In recent years there has been a tectonic shift in our energy usage as our country trends away from fossil fuels in favor of "natural" energy, such as wind and solar. If we are to focus on these types of God-given energy sources, we need to go to our energy rather than have our energy come to us, as we do with fossil fuels.

A progressive, pragmatic energy plan would focus on taking the first steps toward national energy sustainability. It would start with technologies that are ready for large-scale deployment but are concentrated on regions where they can be demonstrated and deployed at scale to their best advantage. Consider what could happen if we focused on these five goals:

The West gets the sun. Al Gore's vision of a Sonora Desert covered in a 90-square-mile sea of solar thermal mirrors powering the entire country is admirably visionary, but transmission constraints would make this more practical, at least in the near term, at the regional level. So let's set aside an area and get started. California provides sufficient scale; its peak electricity demand is coincident with sunlight, and it is only 250 miles from the Sonora Desert into the heart of the Southern California population center.

-- The Midwest gets the wind. Wind is the predominant renewable in the United States today, but for it to be a major factor in the energy mix of the future we need to tap into the wind resources of the upper Great Plains states, which are currently stranded. To date, the focus has been on getting wind resources from places like southeastern Wyoming to California. Instead, let's take wind from the Dakotas and feed it into Chicago. It is 1,100 miles from Cheyenne, Wyo., to Los Angeles, but only 600 miles from South Dakota to Chicago.

-- The South gets nuclear. Democratic policymakers have focused like lasers on wind, solar and efficiency. They need to recognize that the South, still one of the nation's most economically dynamic growth areas, lacks suitable wind and solar resources. The geology of much of the Southeast is not well-suited to sequestering the carbon emissions that must be captured by truly "clean coal." On the other hand, the populace of the South (and that includes Texas) is generally comfortable with nuclear power, and its incumbent utilities are deeply experienced in nuclear operations. Nuclear energy should be the "renewable of the South."



-- The Northeast gets the electric car. The Northeast generally lacks good onshore wind and sun power options, as well as public acceptance for nuclear plants. So let's exploit its singular competitive advantage relative to the rest of the country -- the proximity of its population centers to each other. An electric car with a 250-mile range wouldn't make it from Los Angeles to San Francisco, but it would make it from New York to Boston. For real progress, we need to build an infrastructure for the electric car in a few parts of the country. Let the Northeast be a lead "test" region.

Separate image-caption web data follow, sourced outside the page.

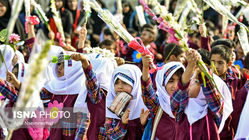 رنگ تیره لباس مدارس یادگیری را کاهش می‌دهد/ راحتی را فدای رسمی بودن می‌کنند!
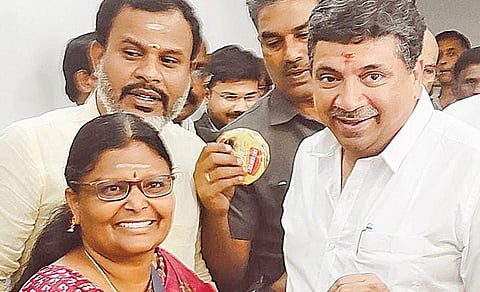 சரோஜினியை பாராட்டிய அமைச்சர் பழனிவேல் தியாகராஜன்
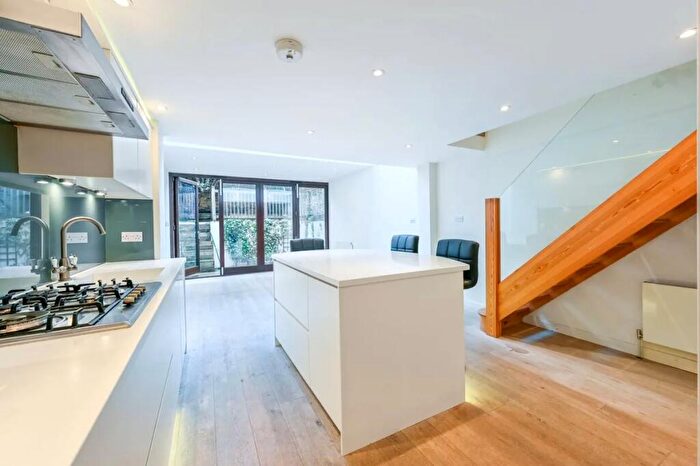 4 Bedroom House To Rent In Mornington Crescent, Camden, NW1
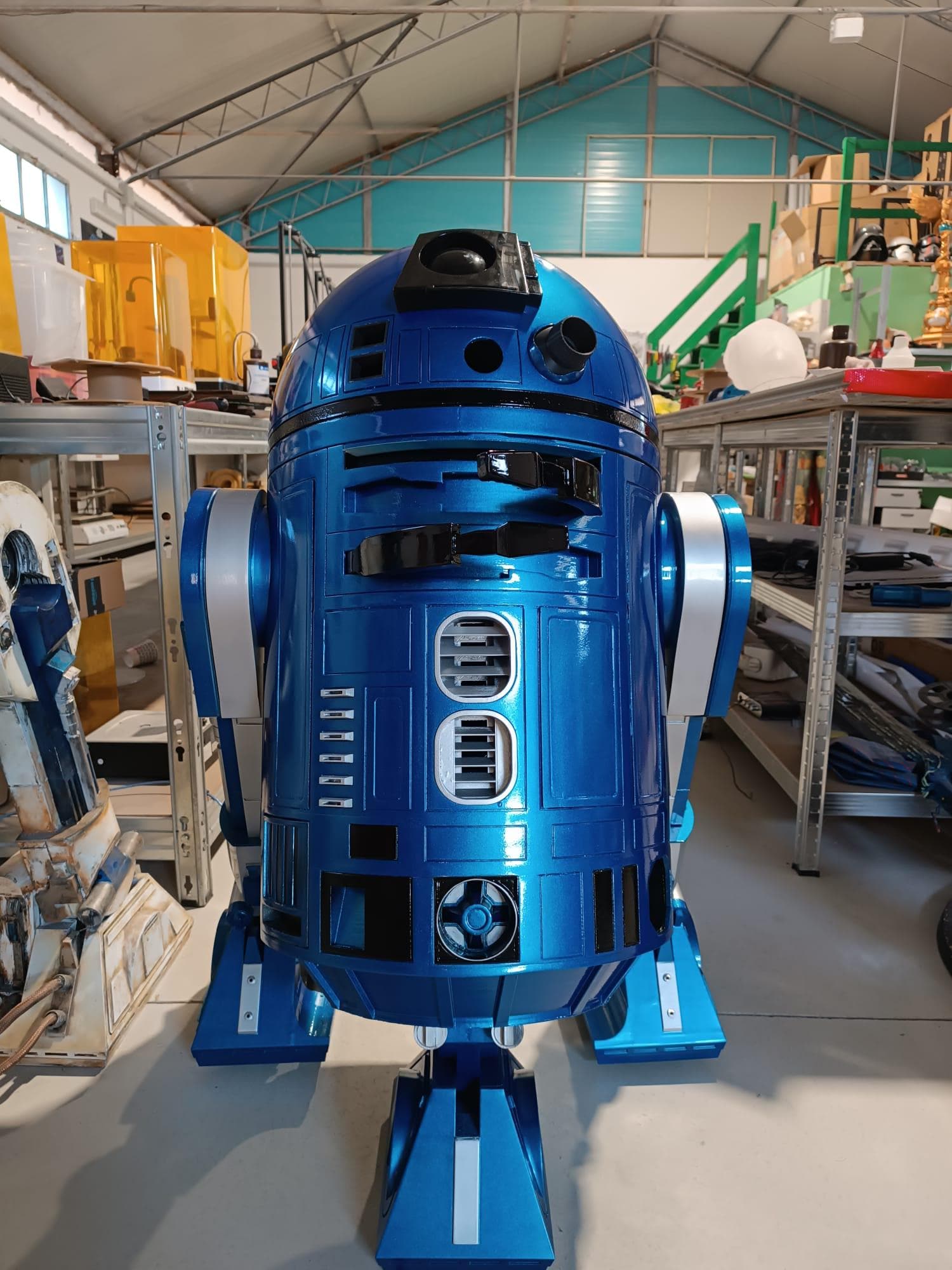 R2-D2 実物大 1:1 レプリカ • 手作りディスプレイ用ドロイド • 3D 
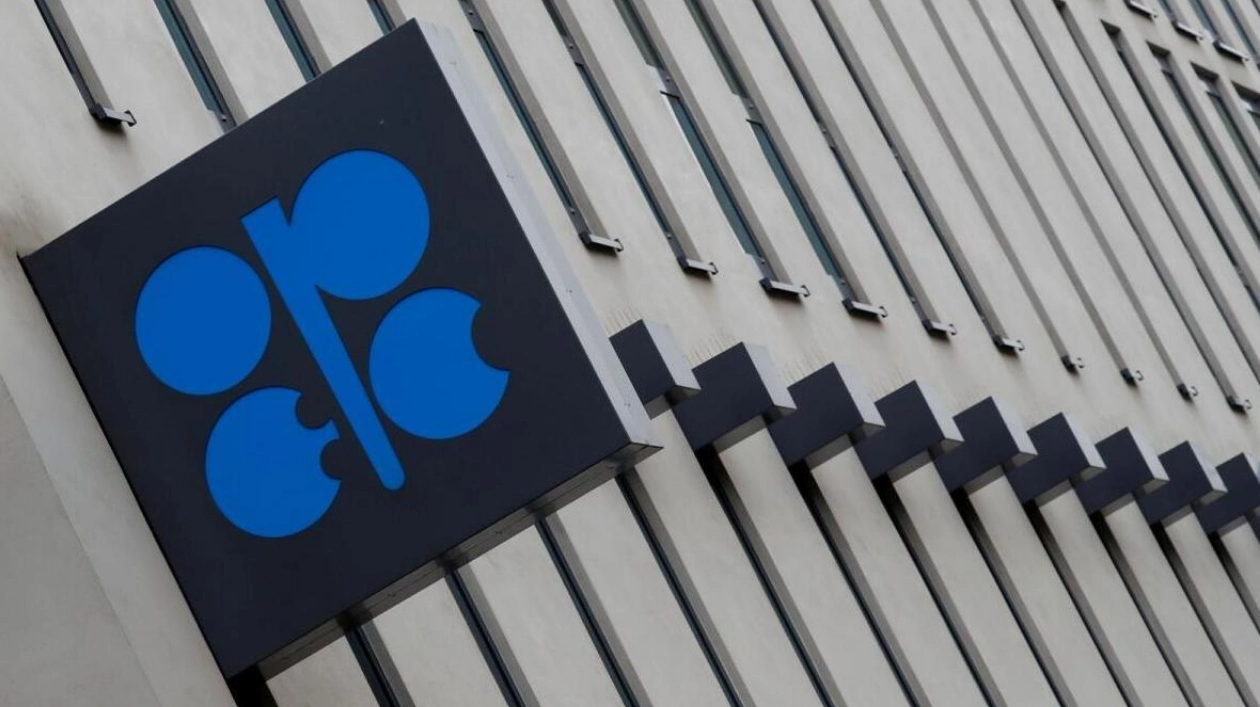 Saudi Arabia and Opec⁺ Face Crucial Production Decision Amid Economic Uncertainty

-- Pursue "clean coal" as a national priority. We must set as a national priority -- perhaps a "national project" -- the demonstration and large-scale deployment of "clean coal." All of the zero-carbon regional solutions described above, if forcefully implemented, could have a meaningful impact on U.S. carbon emissions, but only "clean coal" can actually capture the enormous carbon emissions from the new coal plants coming on line in China and India. It comes down to a mathematical certainty: We cannot solve global warming through clean coal alone; but without clean coal, we simply cannot solve global warming.

This regionally focused "here and now" energy plan would get us started quickly and on the right foot. What are we waiting for?

The writer is president and chief executive of NRG Energy, a Princeton, N.J.-based wholesale power producer that owns and operates numerous generation facilities, including wind and nuclear, and is developing solar power.